(Saved entries)
•••

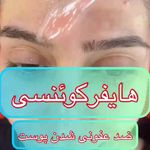 کیلینیک فیشیال و پاکسازی پوست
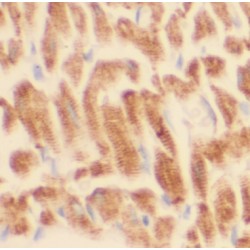 Angiopoietin-Related Protein 2 (ANGPTL2) Antibody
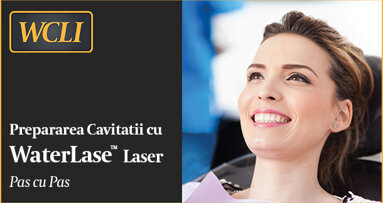 Prepararea cavitatii cu laser pas cu pas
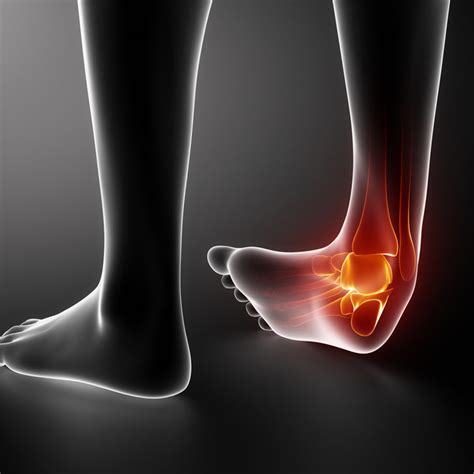 Ankle Injuries Mackay Clinic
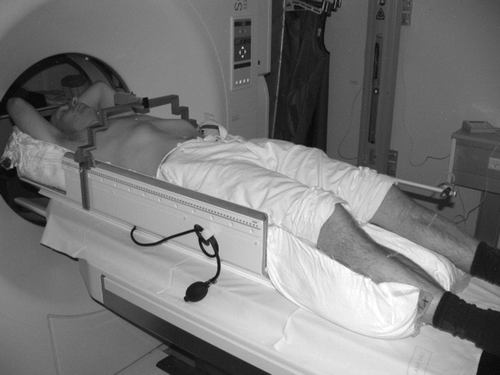 Figure 1.  Patient immobilization using Lax-Blomgreen stereotactic body frame.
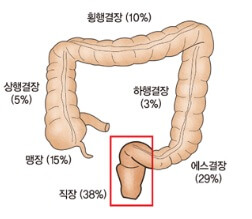 직장 부위 사진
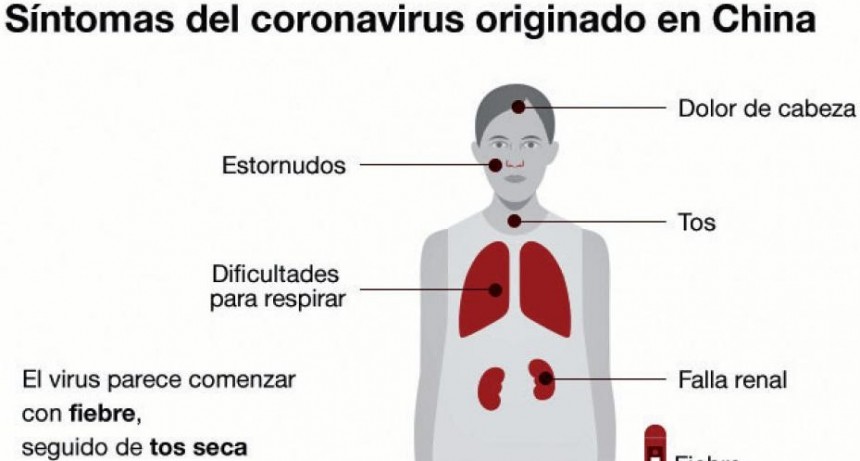 Coronavirus: cuáles son los síntomas y otras 3 preguntas clave sobre el virus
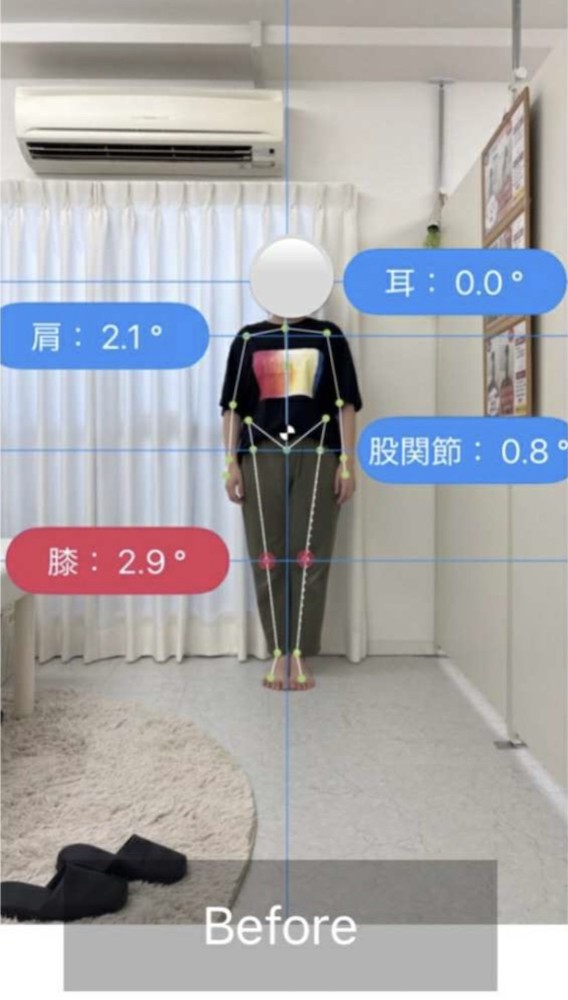 NAORU整体 北千住院　before２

•••

Work required:
Write out every record exactly. Leave the pictures out.

Written response:
 کیلینیک فیشیال و پاکسازی پوست
 Angiopoietin-Related Protein 2 (ANGPTL2) Antibody
 Prepararea cavitatii cu laser pas cu pas
 Ankle Injuries Mackay Clinic
 Figure 1.  Patient immobilization using Lax-Blomgreen stereotactic body frame.
 직장 부위 사진
 Coronavirus: cuáles son los síntomas y otras 3 preguntas clave sobre el virus
 NAORU整体 北千住院　before２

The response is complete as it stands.